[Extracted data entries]
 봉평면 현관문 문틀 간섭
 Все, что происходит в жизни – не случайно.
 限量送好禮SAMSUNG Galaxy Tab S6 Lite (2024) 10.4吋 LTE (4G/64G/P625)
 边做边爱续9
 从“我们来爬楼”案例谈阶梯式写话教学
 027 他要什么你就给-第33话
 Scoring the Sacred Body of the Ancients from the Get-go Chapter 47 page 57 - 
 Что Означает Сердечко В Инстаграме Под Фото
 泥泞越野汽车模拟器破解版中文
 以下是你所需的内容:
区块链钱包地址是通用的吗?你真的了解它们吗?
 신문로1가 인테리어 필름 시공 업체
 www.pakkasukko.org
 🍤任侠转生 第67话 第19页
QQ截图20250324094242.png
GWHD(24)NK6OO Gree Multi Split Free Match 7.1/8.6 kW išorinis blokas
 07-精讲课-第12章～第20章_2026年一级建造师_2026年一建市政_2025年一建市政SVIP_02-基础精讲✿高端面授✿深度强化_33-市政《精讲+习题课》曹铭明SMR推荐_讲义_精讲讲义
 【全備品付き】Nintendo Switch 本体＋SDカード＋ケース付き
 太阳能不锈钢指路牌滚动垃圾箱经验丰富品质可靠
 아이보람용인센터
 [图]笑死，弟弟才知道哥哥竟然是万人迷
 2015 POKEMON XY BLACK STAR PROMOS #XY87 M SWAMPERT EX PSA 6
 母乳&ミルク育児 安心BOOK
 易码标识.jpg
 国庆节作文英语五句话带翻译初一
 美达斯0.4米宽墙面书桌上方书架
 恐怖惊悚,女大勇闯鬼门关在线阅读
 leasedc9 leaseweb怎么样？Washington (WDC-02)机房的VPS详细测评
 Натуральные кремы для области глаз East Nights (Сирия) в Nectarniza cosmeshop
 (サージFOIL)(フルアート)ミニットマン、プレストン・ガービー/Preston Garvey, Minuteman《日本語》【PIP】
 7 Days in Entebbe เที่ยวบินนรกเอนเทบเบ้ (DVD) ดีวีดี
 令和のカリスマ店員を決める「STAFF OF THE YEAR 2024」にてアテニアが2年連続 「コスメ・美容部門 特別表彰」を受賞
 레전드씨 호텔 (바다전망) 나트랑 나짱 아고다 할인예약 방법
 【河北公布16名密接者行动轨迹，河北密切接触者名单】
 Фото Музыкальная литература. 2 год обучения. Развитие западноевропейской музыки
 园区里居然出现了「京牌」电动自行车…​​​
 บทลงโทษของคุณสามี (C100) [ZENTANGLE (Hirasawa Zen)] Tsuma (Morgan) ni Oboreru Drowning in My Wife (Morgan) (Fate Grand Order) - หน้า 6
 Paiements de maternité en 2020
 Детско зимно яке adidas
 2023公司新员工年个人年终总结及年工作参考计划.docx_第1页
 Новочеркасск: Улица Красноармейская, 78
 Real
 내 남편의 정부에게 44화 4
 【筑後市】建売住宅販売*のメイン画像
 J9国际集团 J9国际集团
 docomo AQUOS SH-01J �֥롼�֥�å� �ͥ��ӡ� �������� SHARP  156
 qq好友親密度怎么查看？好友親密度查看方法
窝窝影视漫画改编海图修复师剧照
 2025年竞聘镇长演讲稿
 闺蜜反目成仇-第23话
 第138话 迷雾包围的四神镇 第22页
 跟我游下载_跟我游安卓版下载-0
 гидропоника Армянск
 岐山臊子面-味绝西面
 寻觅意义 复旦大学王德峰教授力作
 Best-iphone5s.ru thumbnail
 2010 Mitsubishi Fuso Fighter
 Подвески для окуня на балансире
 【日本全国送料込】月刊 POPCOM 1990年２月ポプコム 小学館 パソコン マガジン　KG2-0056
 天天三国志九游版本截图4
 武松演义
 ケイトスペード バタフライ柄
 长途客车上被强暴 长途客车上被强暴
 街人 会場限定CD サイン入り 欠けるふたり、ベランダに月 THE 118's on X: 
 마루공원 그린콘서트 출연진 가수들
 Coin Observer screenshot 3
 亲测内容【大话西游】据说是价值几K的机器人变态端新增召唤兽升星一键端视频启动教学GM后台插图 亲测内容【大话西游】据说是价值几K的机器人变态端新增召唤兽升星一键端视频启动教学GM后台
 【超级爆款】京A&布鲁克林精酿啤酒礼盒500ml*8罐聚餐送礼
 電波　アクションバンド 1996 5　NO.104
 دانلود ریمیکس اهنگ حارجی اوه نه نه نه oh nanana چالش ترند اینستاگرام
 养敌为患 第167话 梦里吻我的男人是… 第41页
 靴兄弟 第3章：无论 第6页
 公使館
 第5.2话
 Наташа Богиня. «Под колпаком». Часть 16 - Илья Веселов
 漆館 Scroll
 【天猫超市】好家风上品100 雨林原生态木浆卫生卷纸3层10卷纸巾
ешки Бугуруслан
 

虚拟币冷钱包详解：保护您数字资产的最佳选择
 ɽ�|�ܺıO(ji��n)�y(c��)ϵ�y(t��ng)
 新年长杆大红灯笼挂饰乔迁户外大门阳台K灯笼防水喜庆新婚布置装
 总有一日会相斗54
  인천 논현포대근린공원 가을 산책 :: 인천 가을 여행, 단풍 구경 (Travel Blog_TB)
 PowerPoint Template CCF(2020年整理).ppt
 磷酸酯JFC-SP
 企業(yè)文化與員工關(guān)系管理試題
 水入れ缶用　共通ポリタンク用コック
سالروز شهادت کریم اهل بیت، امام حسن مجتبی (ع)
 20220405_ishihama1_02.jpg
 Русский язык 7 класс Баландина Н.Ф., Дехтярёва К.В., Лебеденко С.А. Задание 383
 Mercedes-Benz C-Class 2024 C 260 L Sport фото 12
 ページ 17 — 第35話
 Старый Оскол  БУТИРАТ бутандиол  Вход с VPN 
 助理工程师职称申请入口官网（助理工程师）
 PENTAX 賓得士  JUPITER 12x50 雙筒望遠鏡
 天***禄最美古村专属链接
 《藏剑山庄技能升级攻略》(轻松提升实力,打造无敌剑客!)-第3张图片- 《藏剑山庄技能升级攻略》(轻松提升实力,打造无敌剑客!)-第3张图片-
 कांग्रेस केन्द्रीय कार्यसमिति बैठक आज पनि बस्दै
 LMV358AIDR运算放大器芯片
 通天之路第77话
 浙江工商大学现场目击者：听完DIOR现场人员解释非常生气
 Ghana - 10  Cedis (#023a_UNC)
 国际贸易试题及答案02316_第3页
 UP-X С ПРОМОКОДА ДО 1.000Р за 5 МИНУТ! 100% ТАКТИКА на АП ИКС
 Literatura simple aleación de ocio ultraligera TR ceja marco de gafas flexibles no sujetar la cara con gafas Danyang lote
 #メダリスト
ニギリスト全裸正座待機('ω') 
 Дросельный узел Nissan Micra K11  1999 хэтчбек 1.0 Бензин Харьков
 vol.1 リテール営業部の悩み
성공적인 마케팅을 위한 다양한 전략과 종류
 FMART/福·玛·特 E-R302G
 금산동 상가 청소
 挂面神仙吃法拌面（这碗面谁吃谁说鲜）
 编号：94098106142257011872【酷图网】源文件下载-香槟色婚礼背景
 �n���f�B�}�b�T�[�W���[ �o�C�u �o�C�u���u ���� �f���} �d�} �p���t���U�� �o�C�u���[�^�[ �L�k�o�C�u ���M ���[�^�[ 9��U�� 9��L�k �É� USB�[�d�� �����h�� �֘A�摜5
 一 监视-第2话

* _YOUR OBJECTIVE_: Could you restate word for word the lines above, from the one that contains "限量送好禮SAMSUNG Galaxy Tab" through the one that contains "GWHD(24)NK6OO Gree Multi", and no others?

* _RESPONSE TO THE EXERCISE_:
 限量送好禮SAMSUNG Galaxy Tab S6 Lite (2024) 10.4吋 LTE (4G/64G/P625)
 边做边爱续9
 从“我们来爬楼”案例谈阶梯式写话教学
 027 他要什么你就给-第33话
 Scoring the Sacred Body of the Ancients from the Get-go Chapter 47 page 57 - 
 Что Означает Сердечко В Инстаграме Под Фото
 泥泞越野汽车模拟器破解版中文
 以下是你所需的内容:
区块链钱包地址是通用的吗?你真的了解它们吗?
 신문로1가 인테리어 필름 시공 업체
 www.pakkasukko.org
 🍤任侠转生 第67话 第19页
QQ截图20250324094242.png
GWHD(24)NK6OO Gree Multi Split Free Match 7.1/8.6 kW išorinis blokas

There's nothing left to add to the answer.